→ **AIM OF THE TASK**:
Within the lines below, the span from the line with "FGF-basic (145aa) Protein, Rat" to the line with "Alpha-amylase repressor SbAAI1", both ends included, is to be reproduced exactly, with pictures omitted.

Captioned web image data
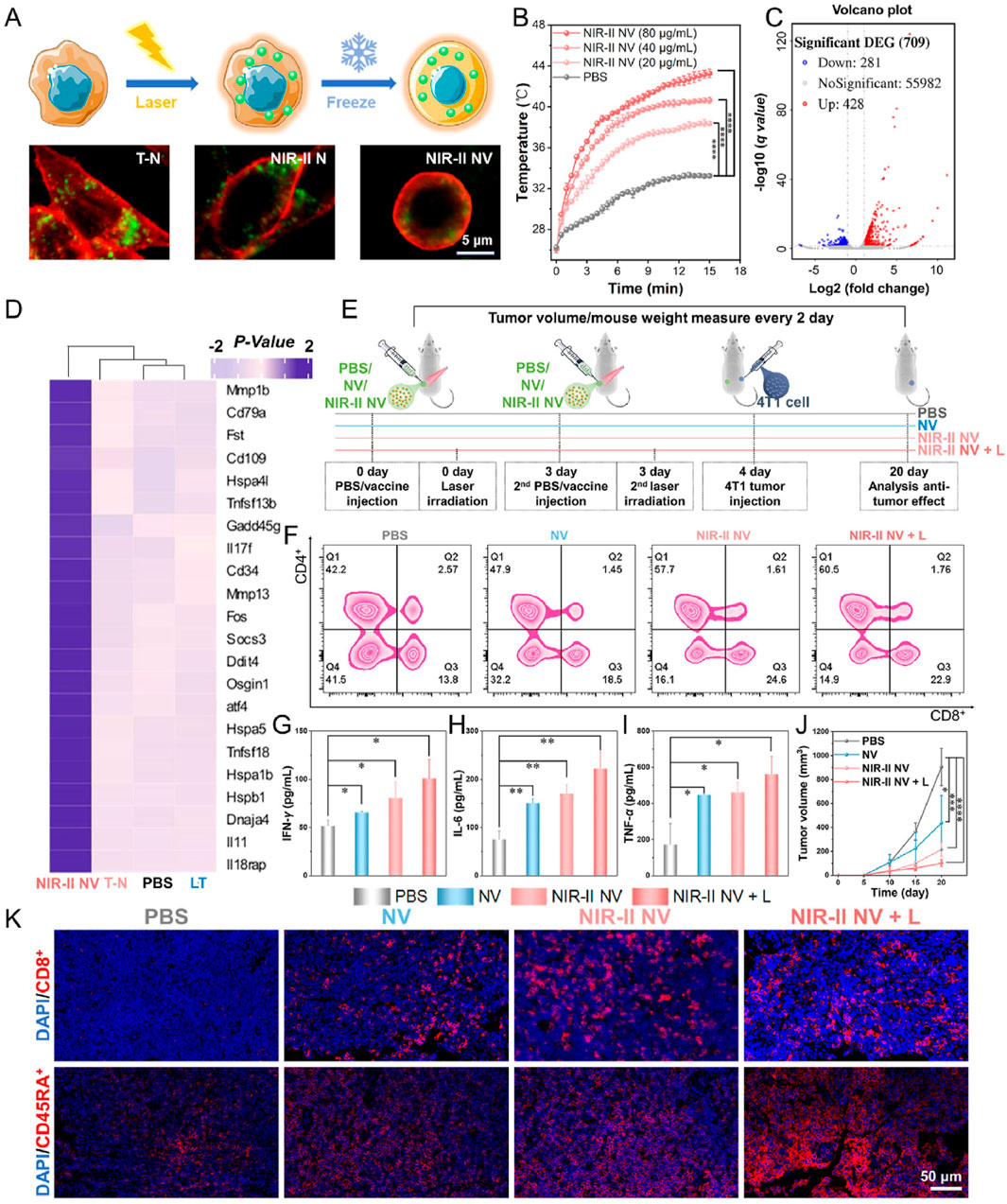 Composite of scientific data and illustrations related to cancer treatment. Panel A shows illustrations and microscopic images of cells subjected to laser and freeze treatments; NIR-II fluorescence highlights cellular structures. Panel B presents a line graph showing temperature changes over time for different treatments, indicating notable differences. Panel C features a volcano plot illustrating gene expression changes with specified statistical significance. Panel D displays a heatmap of gene expression levels across various treatments. Panel E describes an experimental timeline of treatments and measurements. Panels F, G, H, I present contour plots and bar graphs of immunological markers and cytokine levels under different conditions. Panel J includes a line graph of tumor volume over time, comparing different treatments. Panel K offers fluorescence micrographs showing immune cell infiltration in treated tissues.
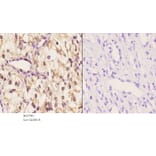 Anti-14-3-3 θ (W228) Antibody from Bioworld Technology (BS1790) - Antibodies.com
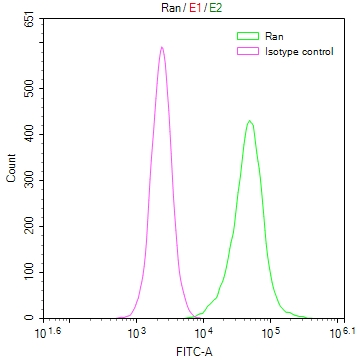 Ran Antibody (15A8)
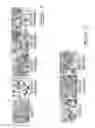 Fig. 08 - Polynucleotides and polypeptide sequences involved in the process of bone remodeling
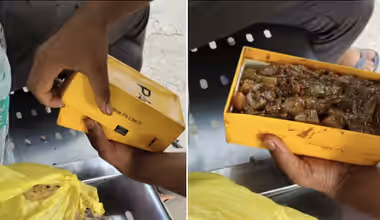 UP Man Uses Mobile Phone Box As Tiffin, Viral Video Leaves Friends Laughing (WATCH)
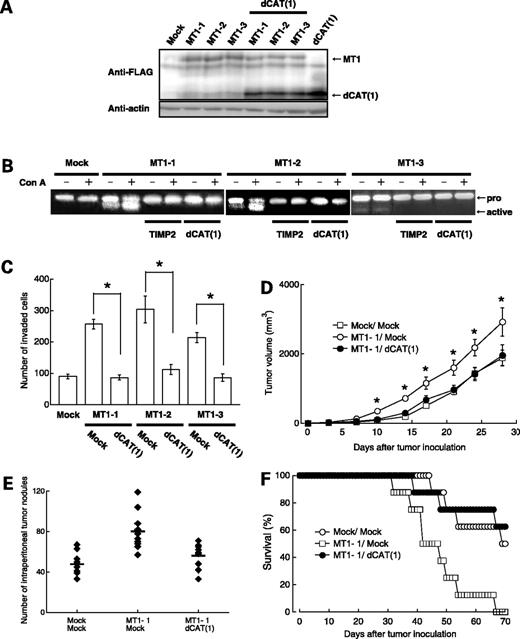 Figure 6. Antitumor activity of dCAT(1) was selective in cells expressing MT1-MMP in vitro and in vivo. A, TMK-1 cells were transfected with pcDNA3.1 carrying FLAG-tagged MT1-MMP gene and three zeocin-resistant clones were isolated (MT1-1, MT1-2, and MT1-3). These cells were further transfected with the indicated mutant genes carried by pCEP4 and hygromycin-resistant transfectants were selected. The expression of transfected genes was examined by Western blotting using anti-FLAG M2 mAb. Actin was similarly detected using an anti-actin antibody. B, transfected TMK-1 cells were cultured in serum-free medium in the absence or presence of concanavalin A (50 μg/mL) for 24 h. The conditioned media were collected and subjected to gelatin zymography. Arrows, proMMP-2 (pro) and the activated form of MMP-2 (active). C, transfected clones (1 × 105 cells) were applied to a transwell chamber with an 8 μm pore membrane and coated with Matrigel. After cells were cultured for 48 h, the number of cells invading the lower chamber was counted and expressed as the mean ± SE. D, the transfected MT1-1 cells (2 × 106 cells) expressing the indicated gene products were inoculated s.c. into athymic nude mice. The tumor size was monitored and presented as the mean volume ± SE (n = 8). E, the MT1-1 cells (2 × 106 cells) transfected with the indicated plasmid were inoculated i.p. into athymic nude mice. After the 28th d, the mice were sacrificed and the number of tumor nodules in the cavity was counted. F, the survival of mice implanted with TMK-1 cells expressing the indicated gene products was monitored and presented by a Kaplan-Meier plot.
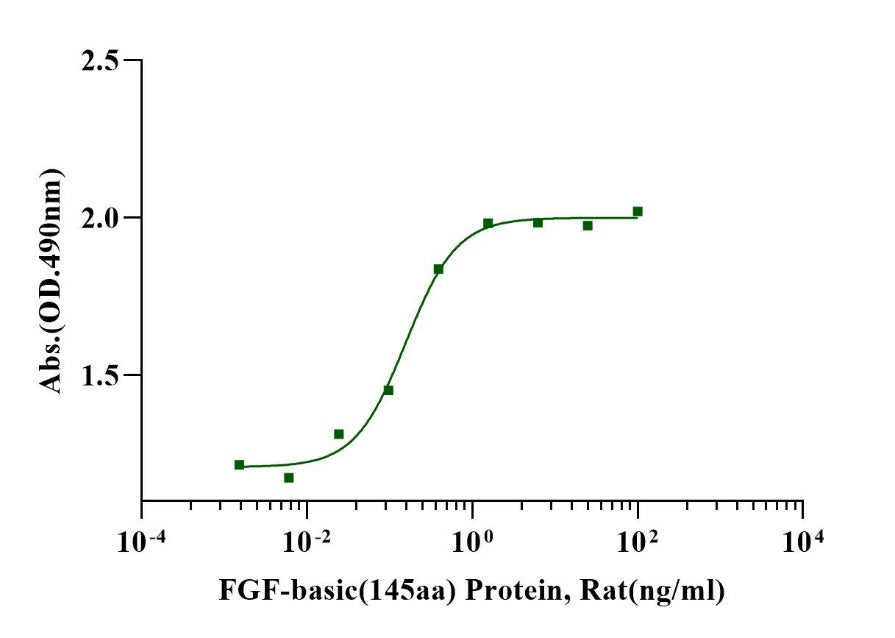 FGF-basic (145aa) Protein, Rat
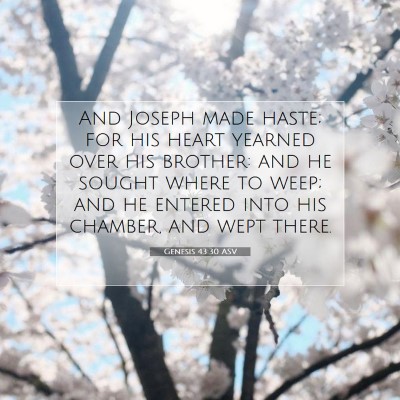 Picture 07 - Genesis 43:30 ASV - And Joseph made haste; for his heart yearned over - Bible Verse Picture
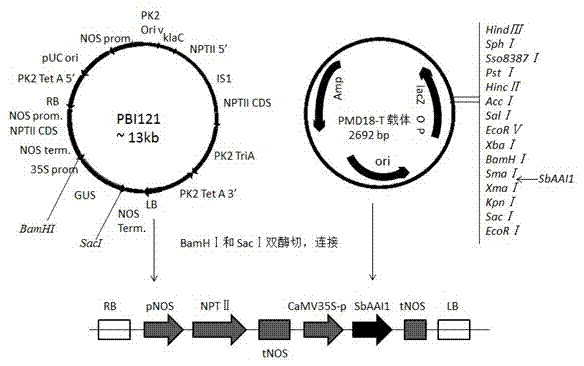 Alpha-amylase repressor SbAAI1 gene and protein as well as application of gene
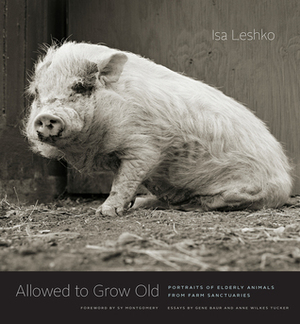Allowed to Grow Old: Portraits of Elderly Animals from Farm Sanctuaries by Anne Wilkes Tucker, Isa Leshko, Sy Montgomery, Gene Baur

→ **ANSWER AREA**:
 FGF-basic (145aa) Protein, Rat
 Picture 07 - Genesis 43:30 ASV - And Joseph made haste; for his heart yearned over - Bible Verse Picture
 Alpha-amylase repressor SbAAI1 gene and protein as well as application of gene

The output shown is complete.